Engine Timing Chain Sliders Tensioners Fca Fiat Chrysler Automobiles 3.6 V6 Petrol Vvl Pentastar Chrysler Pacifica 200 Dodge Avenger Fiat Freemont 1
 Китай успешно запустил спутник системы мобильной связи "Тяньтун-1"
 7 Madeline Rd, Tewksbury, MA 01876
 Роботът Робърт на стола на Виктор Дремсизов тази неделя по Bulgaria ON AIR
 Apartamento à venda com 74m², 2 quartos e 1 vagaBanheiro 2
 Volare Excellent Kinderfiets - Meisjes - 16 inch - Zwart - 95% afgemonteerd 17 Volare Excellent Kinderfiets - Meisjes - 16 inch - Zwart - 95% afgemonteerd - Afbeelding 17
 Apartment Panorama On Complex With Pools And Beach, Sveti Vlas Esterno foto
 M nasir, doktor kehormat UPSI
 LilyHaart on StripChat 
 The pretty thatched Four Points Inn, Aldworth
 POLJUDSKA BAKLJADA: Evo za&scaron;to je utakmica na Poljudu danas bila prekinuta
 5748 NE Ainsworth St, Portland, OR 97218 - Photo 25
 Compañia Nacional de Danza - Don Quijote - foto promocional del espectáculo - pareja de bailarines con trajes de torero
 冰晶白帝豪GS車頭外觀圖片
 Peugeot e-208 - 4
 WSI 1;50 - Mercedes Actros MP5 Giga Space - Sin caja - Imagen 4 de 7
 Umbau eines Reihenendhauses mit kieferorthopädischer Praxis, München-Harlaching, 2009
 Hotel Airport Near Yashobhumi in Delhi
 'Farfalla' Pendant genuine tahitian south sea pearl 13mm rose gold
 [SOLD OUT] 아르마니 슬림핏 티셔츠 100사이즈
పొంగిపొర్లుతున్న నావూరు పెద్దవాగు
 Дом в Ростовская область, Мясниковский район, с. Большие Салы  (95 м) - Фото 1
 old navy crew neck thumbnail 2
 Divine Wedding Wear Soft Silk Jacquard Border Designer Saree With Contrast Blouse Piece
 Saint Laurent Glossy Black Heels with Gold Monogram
+++
--- What is required ---
Write the records out again. Keep every line exactly as it is.

--- Response below ---
Engine Timing Chain Sliders Tensioners Fca Fiat Chrysler Automobiles 3.6 V6 Petrol Vvl Pentastar Chrysler Pacifica 200 Dodge Avenger Fiat Freemont 1
 Китай успешно запустил спутник системы мобильной связи "Тяньтун-1"
 7 Madeline Rd, Tewksbury, MA 01876
 Роботът Робърт на стола на Виктор Дремсизов тази неделя по Bulgaria ON AIR
 Apartamento à venda com 74m², 2 quartos e 1 vagaBanheiro 2
 Volare Excellent Kinderfiets - Meisjes - 16 inch - Zwart - 95% afgemonteerd 17 Volare Excellent Kinderfiets - Meisjes - 16 inch - Zwart - 95% afgemonteerd - Afbeelding 17
 Apartment Panorama On Complex With Pools And Beach, Sveti Vlas Esterno foto
 M nasir, doktor kehormat UPSI
 LilyHaart on StripChat 
 The pretty thatched Four Points Inn, Aldworth
 POLJUDSKA BAKLJADA: Evo za&scaron;to je utakmica na Poljudu danas bila prekinuta
 5748 NE Ainsworth St, Portland, OR 97218 - Photo 25
 Compañia Nacional de Danza - Don Quijote - foto promocional del espectáculo - pareja de bailarines con trajes de torero
 冰晶白帝豪GS車頭外觀圖片
 Peugeot e-208 - 4
 WSI 1;50 - Mercedes Actros MP5 Giga Space - Sin caja - Imagen 4 de 7
 Umbau eines Reihenendhauses mit kieferorthopädischer Praxis, München-Harlaching, 2009
 Hotel Airport Near Yashobhumi in Delhi
 'Farfalla' Pendant genuine tahitian south sea pearl 13mm rose gold
 [SOLD OUT] 아르마니 슬림핏 티셔츠 100사이즈
పొంగిపొర్లుతున్న నావూరు పెద్దవాగు
 Дом в Ростовская область, Мясниковский район, с. Большие Салы  (95 м) - Фото 1
 old navy crew neck thumbnail 2
 Divine Wedding Wear Soft Silk Jacquard Border Designer Saree With Contrast Blouse Piece
 Saint Laurent Glossy Black Heels with Gold Monogram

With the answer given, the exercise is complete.